Ownership and Memory Safety

Rust's cornerstone is the ownership system — memory safety without a garbage collector.

fn main() {
    // Ownership move
    let tensor_data = vec![1.0f32, 2.0, 3.0, 4.0];
    let moved = tensor_data; // tensor_data is no longer valid

    // Borrowing — reference without transferring ownership
    let weights = vec![0.1f32, 0.2, 0.3];
    let sum = compute_sum(&weights); // immutable reference
    println!("weights still valid: {:?}, sum: {}", weights, sum);
}

fn compute_sum(data: &[f32]) -> f32 {
    data.iter().sum()
}

Lifetimes

Lifetimes tell the compiler how long a reference is valid. Critical when safely referencing weight data in AI models without copying.

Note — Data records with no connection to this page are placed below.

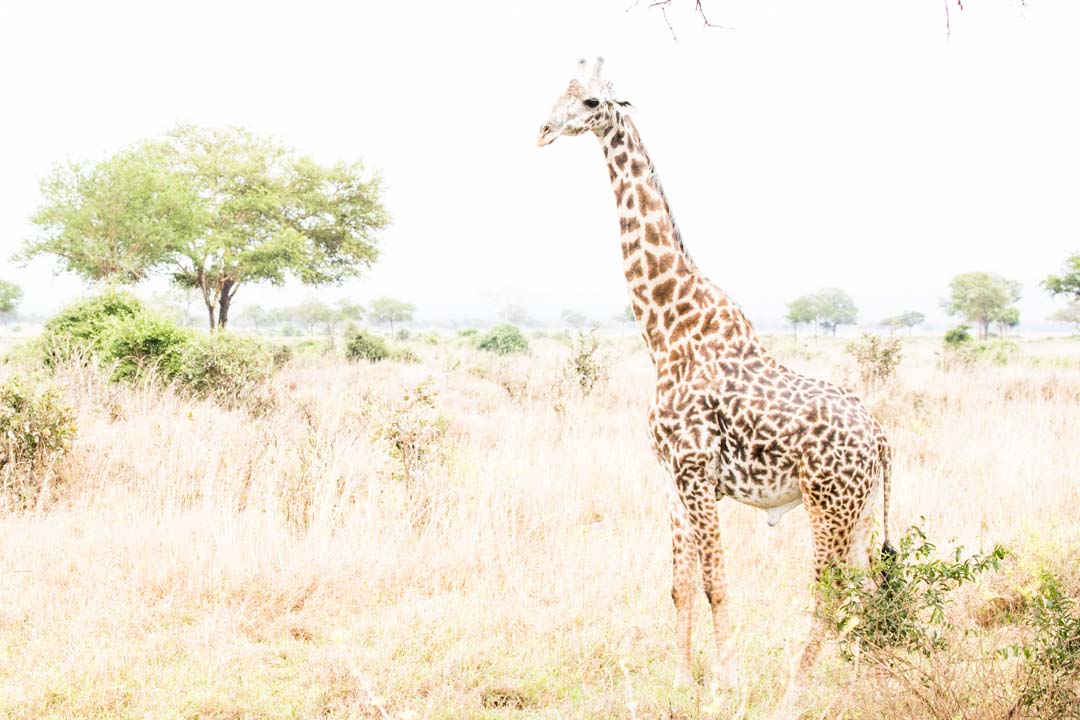 Mikumin kansallispuisto, safari Tansania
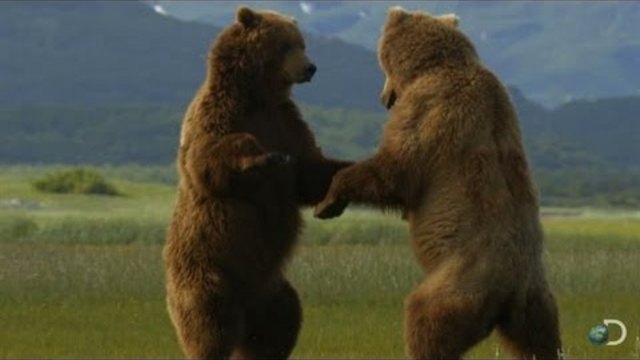 Giant Grizzly Bears Battle | Great Bear Stakeout-DISCOVERY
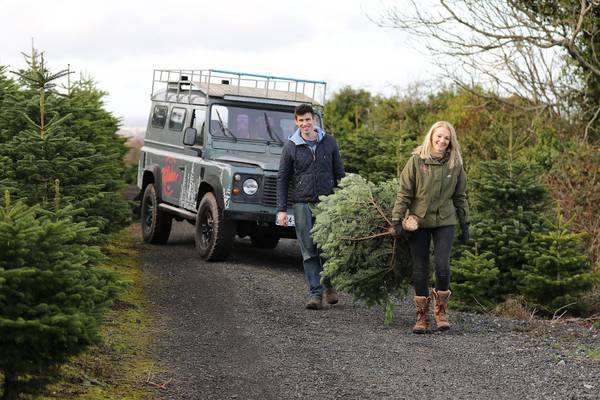 Where to get your Irish Christmas tree and how to make it last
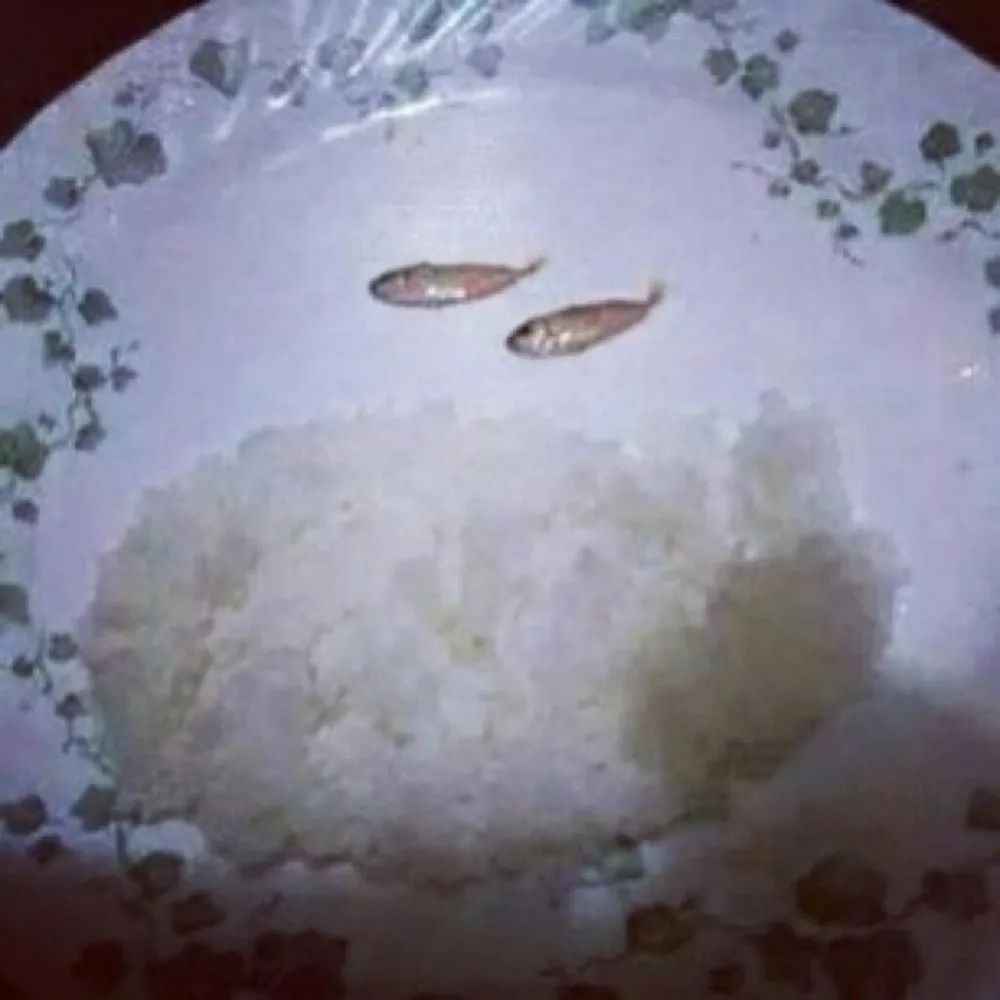 makan anak kos akhir bulan berbagai sumber makan anak kos akhir bulan berbagai sumber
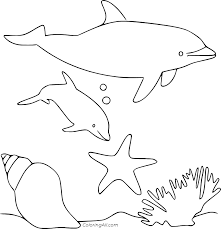 Although they are better navigators of the sea than we are, for this fun activity, we need the help of your children to get these lost porpoises back to the open waters. Porpoise Coloring Pages Coloringall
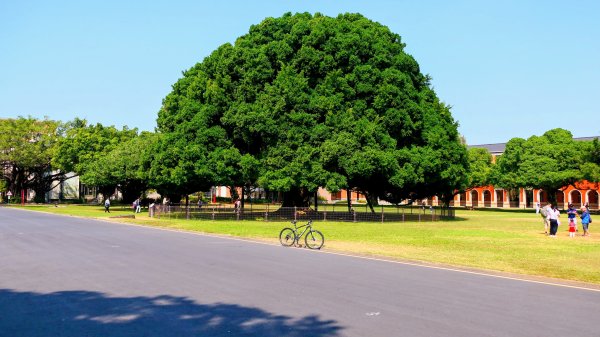 台南成大等3002041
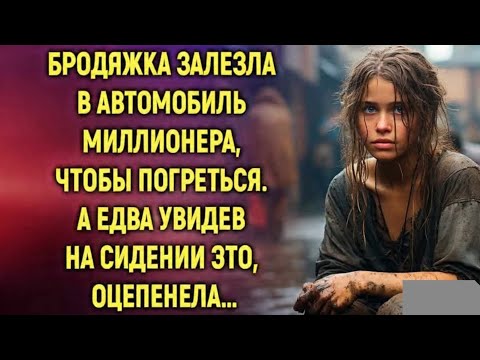 Видео: Бродяжка залезла в автомобиль миллионера, чтобы погреться. А едва увидев на сиденье это, оцепенела…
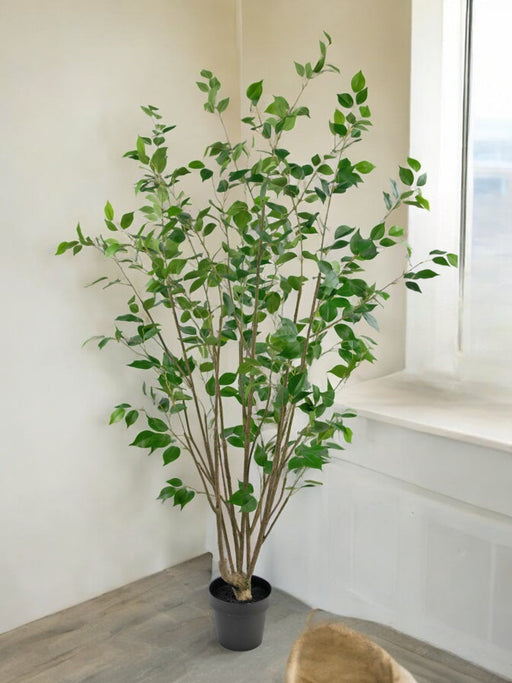 Ficus - Albero Artificiale
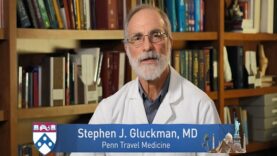 Dengue Fever and Mosquitos- How to Protect Yourself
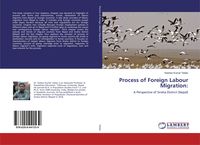 Produktbild: Process of Foreign Labour Migration:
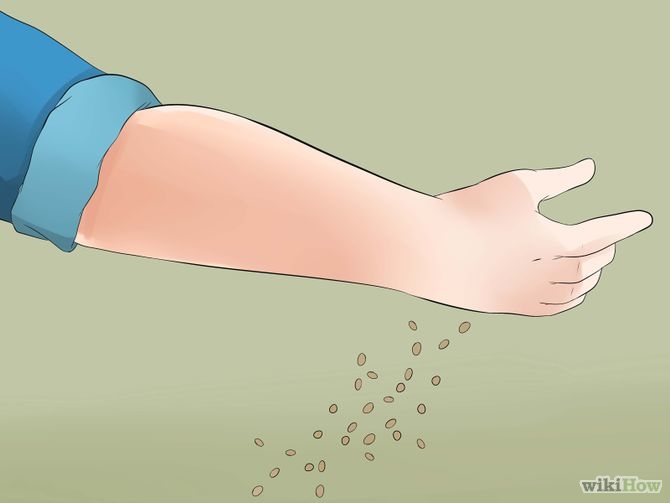 Grow Ginseng Step 11.jpg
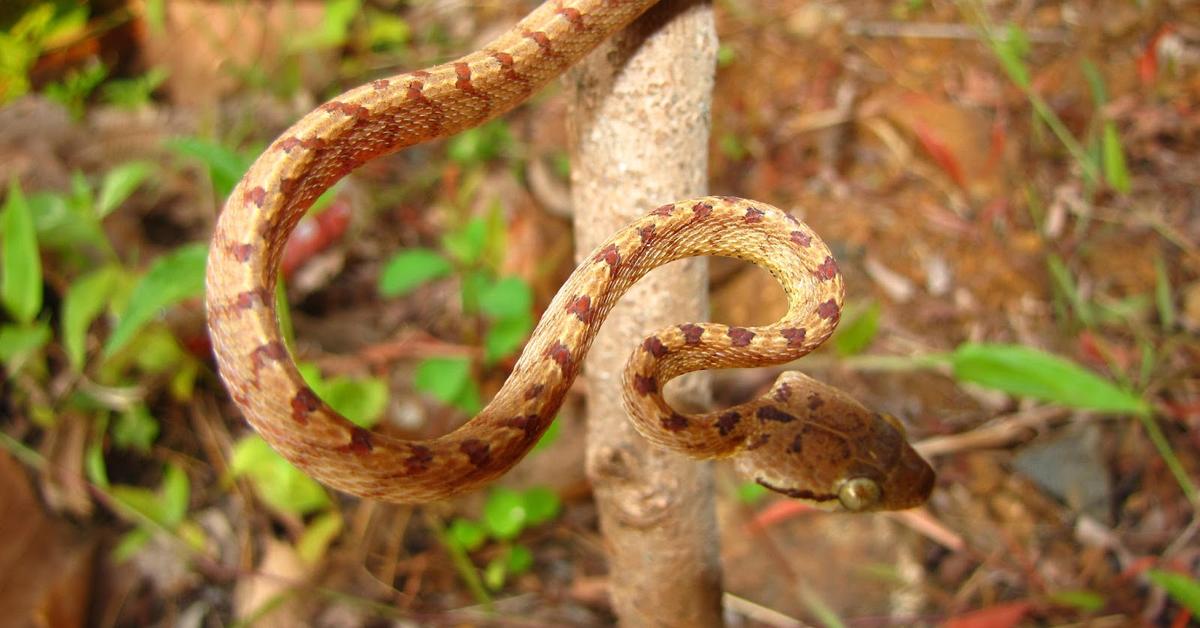 Captured beauty of the Cat Snake, or Telescopium in the scientific world.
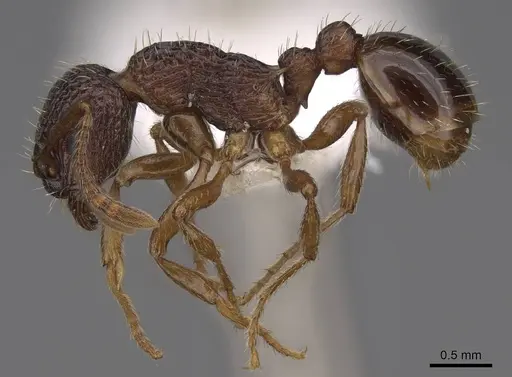 Myrmica detritinodis specimen CASENT0922747 image casent0922747_3
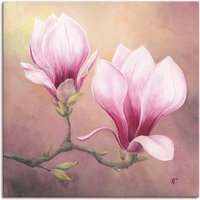 Artland Wandbild "Späte Magnolie", Blumenbilder, (1 St.) von Artland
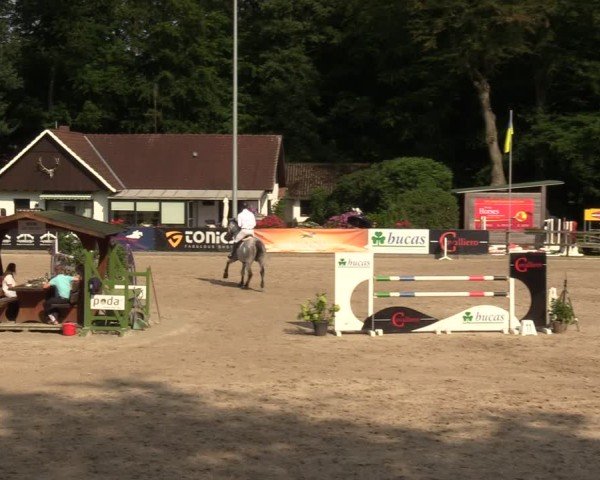 Reitturnier Klein Roscharden 2024
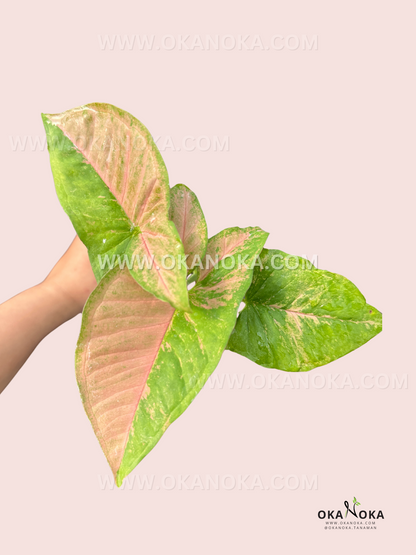 Syngonium Pink Flecked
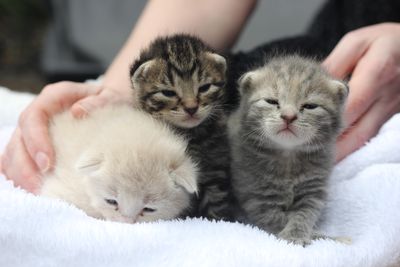 SPCA preparing for another huge kitten season after desexing put on hold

// Lifetime annotation: returned reference can't outlive input slices
fn longest_sequence<'a>(seq1: &'a [f32], seq2: &'a [f32]) -> &'a [f32] {
    if seq1.len() > seq2.len() {
        seq1
    } else {
        seq2
    }
}

struct ModelWeights<'a> {
    data: &'a [f32],  // references an external buffer (zero copy)
    shape: (usize, usize),
}

impl<'a> ModelWeights<'a> {
    fn new(data: &'a [f32], rows: usize, cols: usize) -> Self {
        ModelWeights { data, shape: (rows, cols) }
    }

    fn get(&self, row: usize, col: usize) -> f32 {
        self.data[row * self.shape.1 + col]
    }
}

Traits and Generics

Unlike Python's duck typing, Rust performs type checking at compile time.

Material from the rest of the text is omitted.